2026-04-21 22:32:18 +00:00
1 changed files with 160 additions and 79 deletions
--- a/utils/sas_profiler.py
+++ b/utils/sas_profiler.py
@ -43,6 +43,7 @@ from typing import Any, Dict, List, Optional, Tuple
 _REPO_ROOT = Path(__file__).resolve().parent.parent
 sys.path.insert(0, str(_REPO_ROOT / "generic_loader"))

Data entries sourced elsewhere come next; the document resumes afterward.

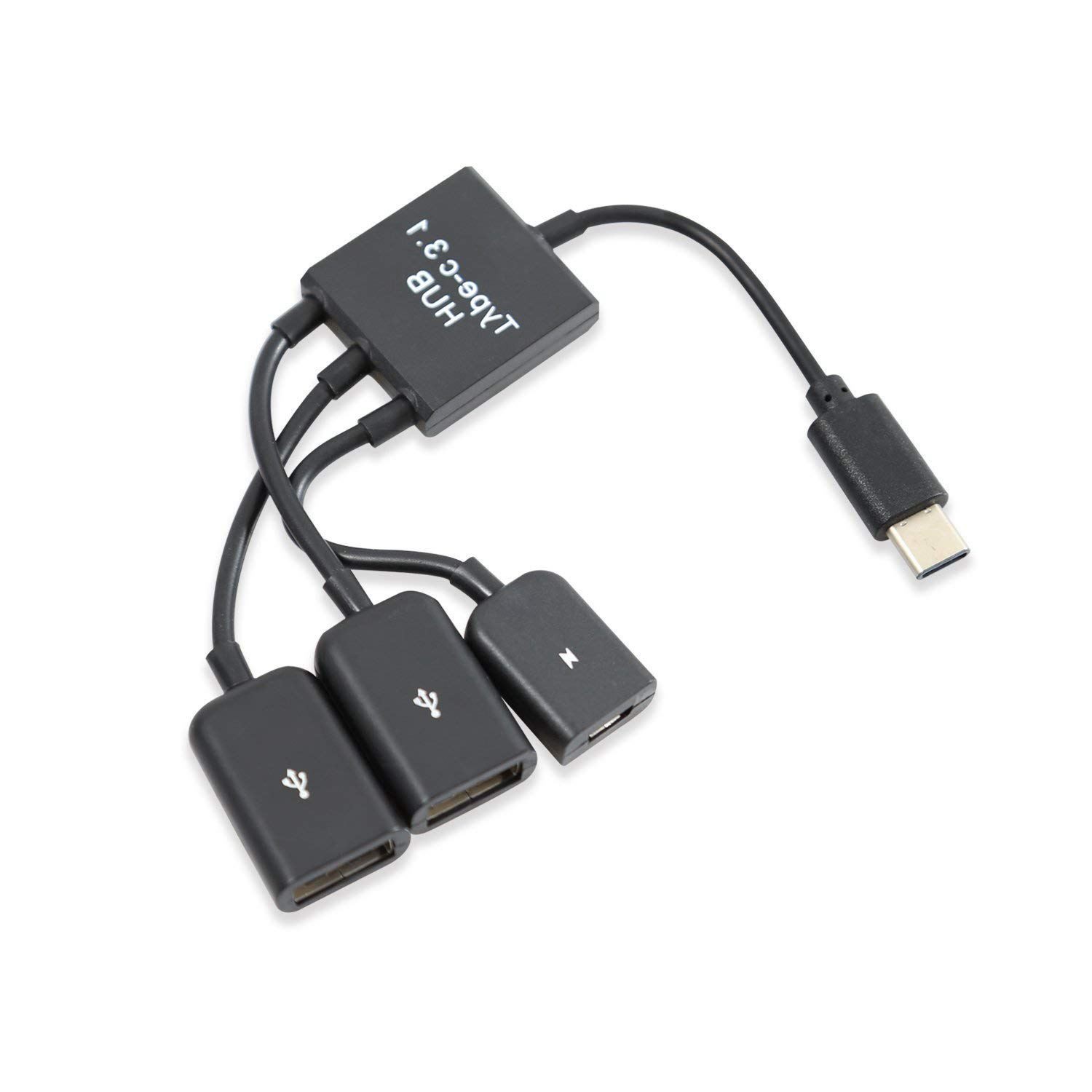 Usb 3.1 Loại C Male To 2 Dual Usb A 2.0 Female + Micro-Usb Female Hub 3 Trong 1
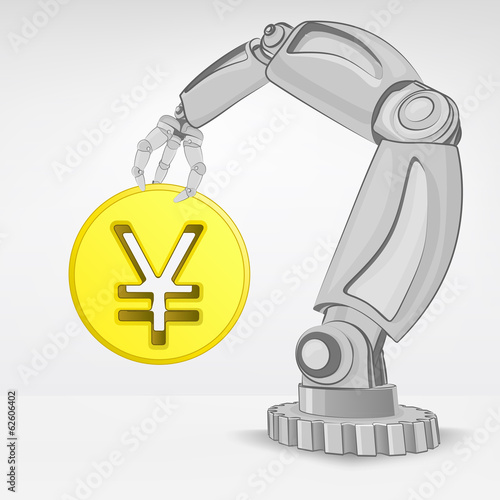 golden Yuan coin hold by automated robotic hand vector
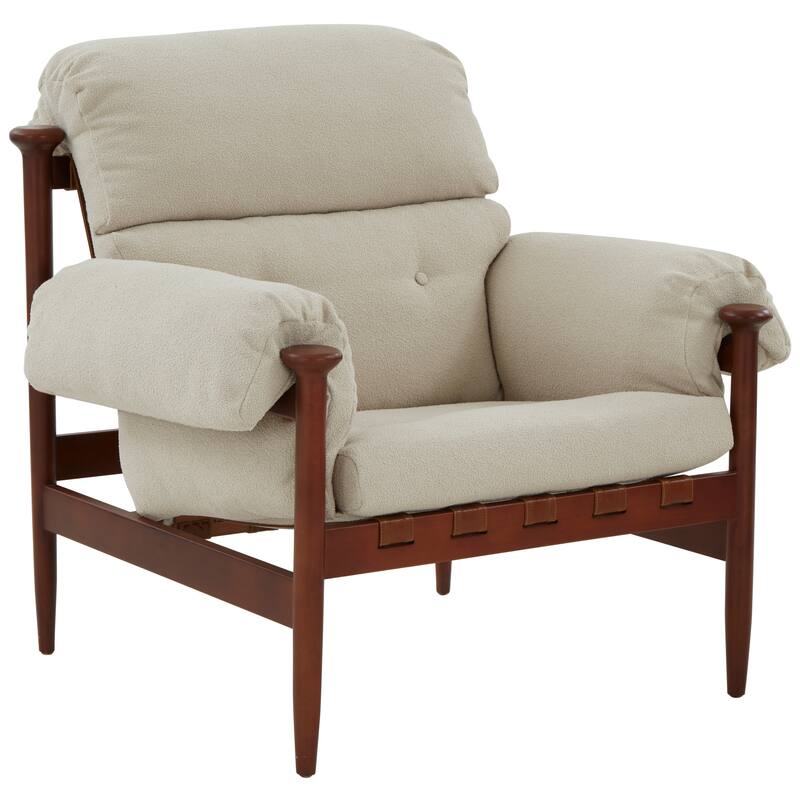 SAFAVIEH Couture Yauhenia Wood Frame Accent Chair - 37 In W x 35 In D x 37 In H. - 37Wx35Dx37H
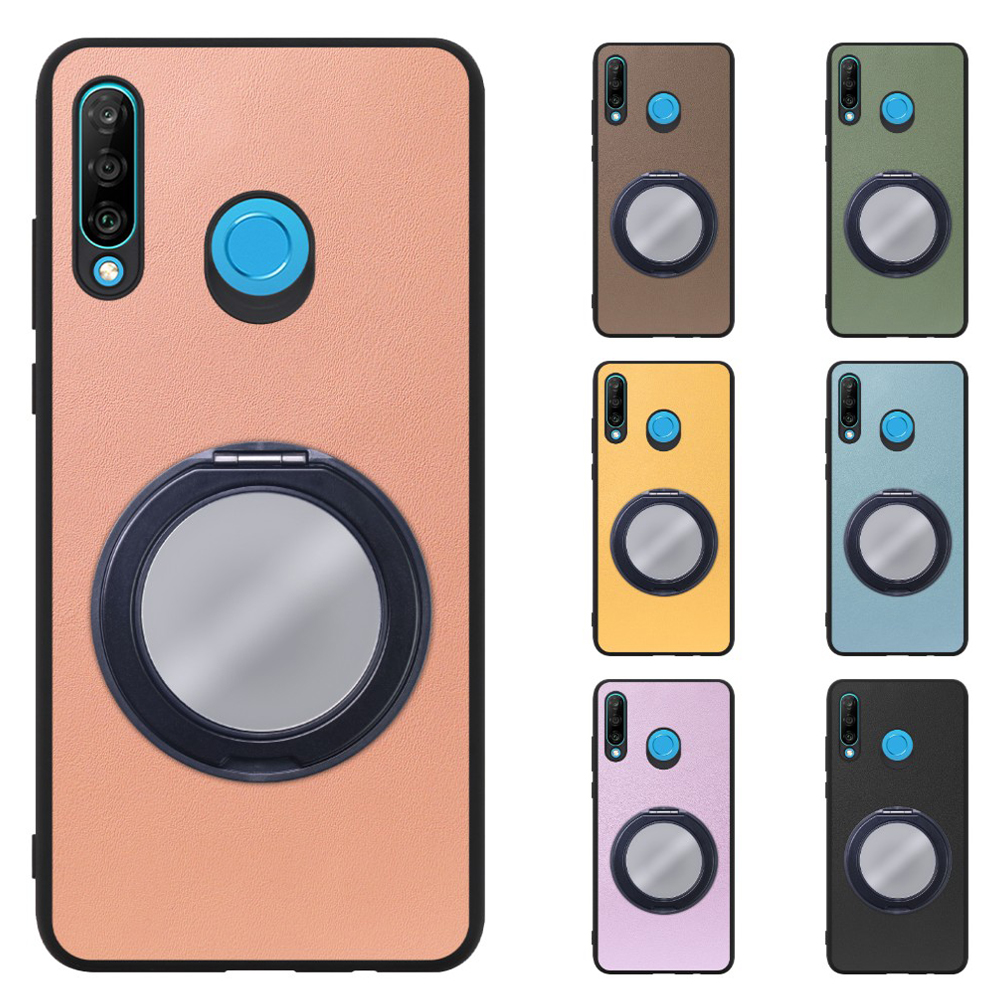 [ LOOF RING-SHELL (ミラー Ver.) ] HUAWEI P30 lite / P30 lite Premium p30lite p30litepremium スマホケース 背面 ケース カバー ミラー付きスマホリング スタンド 本革 レザー 落下防止  [ HUAWEI P30 lite / lite Premium ]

+import numpy as np  # noqa: E402
 import pandas as pd  # noqa: E402
 from openpyxl import Workbook  # noqa: E402
 from openpyxl.styles import Alignment, Font, PatternFill  # noqa: E402
@ -51,7 +52,6 @@ from openpyxl.utils import get_column_letter  # noqa: E402
 from load_sas import (  # noqa: E402
    NUMERIC_INT_RANGE,
    ColumnSpec,
-    _char_missing_mask,
    infer_schema,
    iter_sas_chunks,
    read_sas_preview,
@ -96,6 +96,25 @@ PREVIEW_ROWS_FOR_INFERENCE: int = 10_000
 """Rows pulled from the file for the loader's schema inference. Matches
 ``load_sas.TYPE_INFERENCE_SAMPLE_ROWS`` so suggestions track the loader."""

+PROFILE_CHUNK_ROWS: int = 5_000_000
+"""Rows per streaming chunk while profiling. Larger chunks amortize
+pyreadstat / pandas overhead, and the profiler is typically run on a
+beefy box (e.g. a 128 GB EC2) rather than a laptop, so the default is
+set aggressively.
+
+Rough peak-memory estimate while a chunk is in flight:
+
+    peak_bytes ~= chunksize * num_cols * ~50 bytes/cell * 2-3x
+
+(The 2-3x factor covers pyreadstat's read buffer + pandas frame
+construction temporaries.) At 5M rows x 50 cols that's roughly 10-20 GB,
+which is comfortable on a 128 GB host but would OOM a laptop.
+
+If you have lots of RAM and a very wide file, lower this; if you have a
+narrow file and want max throughput, bump it higher with ``--chunksize``
+(the profiler will happily take 20M+ per chunk). If ``chunksize`` is
+larger than the file, pyreadstat just hands back one chunk."""
+

 PARTITION_NAME_PATTERNS: Tuple[re.Pattern, ...] = (
    re.compile(r"^state$", re.IGNORECASE),
@ -153,41 +172,60 @@ class _ColumnStats:
    samples: List[Any] = field(default_factory=list)

    def update(self, series: pd.Series) -> None:
-        """Fold one chunk's worth of this column into the accumulator."""
-        self.n_total += len(series)
-        if len(series) == 0:
-            return
+        """Fold one chunk's worth of this column into the accumulator.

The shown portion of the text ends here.